Thursday, April 14, 2016

Car Trouble

In 2011 Don Foss, perhaps the richest used-car salesman in the history of the world, commissioned a half-hour film about himself and posted it to YouTube. The Don Foss Story opens with one of his TV ads from the 1970s, ads for which Foss hired an actor to portray him. (The real Foss, who is portly and balding, says he might have played himself "if I looked like Robert Redford.") At the ad's conclusion, we meet the film's narrator: "Today I'm going to guide you through the story of a truly remarkable man," he intones before lobbing the auto billionaire his first softball: "Don, your story pretty much epitomizes the great American Dream. I'm sure everybody wants to know how you did it."

What Foss did was practically invent the subprime car loan, a market that today exceeds $100 billion a year. First as a dealer, and later as the founder of an auto-financing company called Credit Acceptance, he was "really the first to see all the money to be made arranging the financing for cars that would otherwise end up in the crusher, and selling them in poor neighborhoods," says a longtime auto industry consultant.

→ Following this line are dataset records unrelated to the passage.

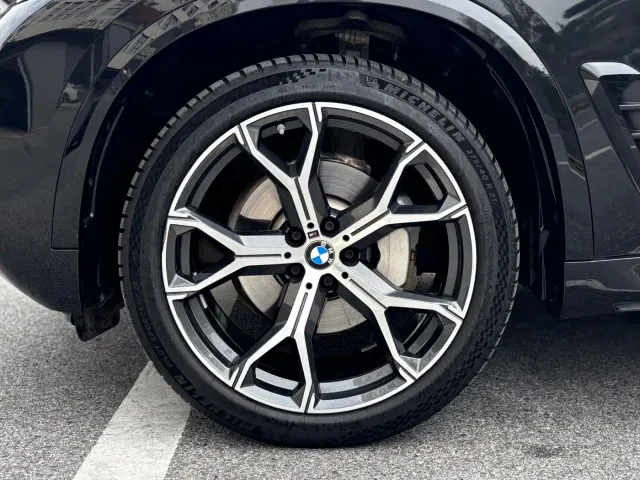 BMW X5 — Фото автомобиля 7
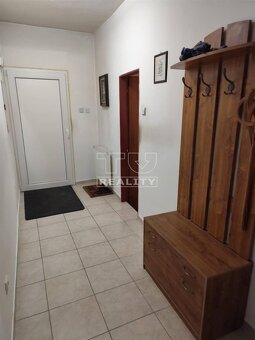 Rodinný dom v obci Láb pripravený na nasťahovanie - 12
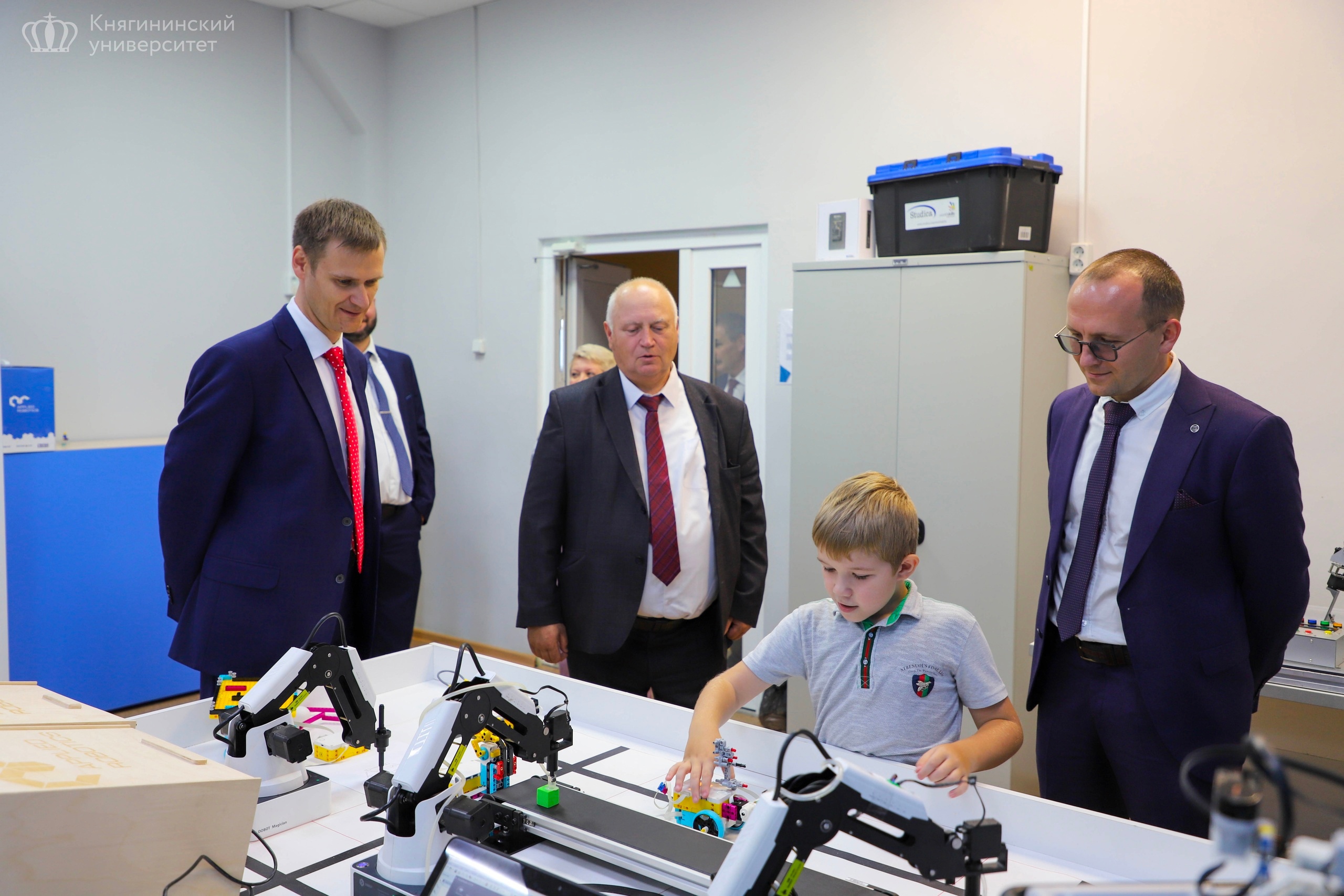 Подробнее о статье 🌐1 сентября ЦЦОД «IT-куб» посетил министр образования и науки Нижегородской области Михаил Юрьевич Пучков.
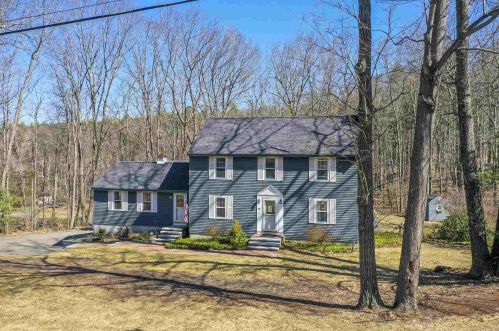 17 Teague Dr, Salem, NH 03079-1261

The Don Foss Story casts things a bit differently. It includes a lot of talk about the nobility of extending credit to people no one else would lend to. If not for Credit Acceptance and its imitators, how would people make it to and from work, shuttle the kids to school, or take Mom to her dialysis appointments? By 1995, when the Wall Street Journal ran a front-page story on this "corner of the lending world J.P. Morgan would not recognize," Foss' personal stake in Credit Acceptance was worth $550 million. The company's stock was trading at $21 a share then. Today the price hovers around $200.

Virtually all of this growth has taken place since 2008—not despite the Great Recession, but largely because of it. When millions of Americans lost homes to foreclosure and millions more lost their jobs, it created a vast new reservoir of customers with tarnished credit and little cash. The amount of money loaned to these subprime borrowers—who now account for nearly a quarter of all auto loans—has more than doubled since 2009, the New York Fed reports. And because car loans, like mortgages, can be bundled and peddled to Wall Street investors, subprime auto bonds have emerged as an attractive replacement for the disgraced subprime mortgage bonds. In 2009, auto financiers sold about $3 billion worth of subprime auto bonds through the securities markets. By 2014, that number was $22 billion.

While the subprime auto market is nowhere near large enough to bring down the economy, there are unmistakable parallels to the mortgage debacle. Delinquencies and repossessions are on the rise industry-wide, and there have been reports of falsified loan applications. At least eight banks have come under scrutiny for allegedly jacking up interest rates on black and Latino car buyers. Big players including Ally Financial and Fifth Third Bank (America's ninth-largest bank) recently paid out nearly $200 million to settle such accusations. "Auto loans are now the most troubled consumer financial product," Sen. Elizabeth Warren (D-Mass.) noted last spring. "The market is now thick with loose underwriting standards, predatory and discriminatory lending practices, and increasing repossessions." (...)

Foss took Credit Acceptance public in 1992. It was around then that Ohio lawyer Ron Burdge, in the process of suing a used-car dealer, obtained a copy of Credit Acceptance's corporate manual and realized, with a mix of horror and awe, that "they had created this remarkable system for taking every last dime from their customers." Of Credit Acceptance's nearly 300 employees, roughly 200 were in collections, and the company pursued delinquent borrowers with machinelike efficiency. If that didn't work, a company lawyer would sue the customers for damages—including additional interest and legal fees—and then go after their wages in states that allowed it. "They brought everything to a totally new level," said Burdge, who used what he learned in subsequent lawsuits against the company.

Three years later, when a Wall Street Journal reporter arrived in Michigan to profile Foss and his business, it wasn't uncommon to find customers saddled with interest rates as high as 30 percent. Borrowers typically paid twice what the car had cost the dealer, the paper reported, and often those vehicles didn't outlast the loans that financed them. Eventually, Credit Acceptance and other subprime lenders would even start requiring borrowers to install starter kill switches that allowed the companies to incapacitate their vehicles from afar, "pretty much guaranteeing that the car loan is the first one people pay every month," a former Ford finance manager told me. Credit Acceptance now finances sales for thousands of used-car lots across the United States, and Foss' success has inspired any number of imitators: Capital One, Santander, and Wells Fargo are just a few of the big players that piled into the business of extending car loans to desperate people at borderline usurious rates. "The thing I didn't realize about going public is that you tell everybody how your business works," Foss cracked in one interview.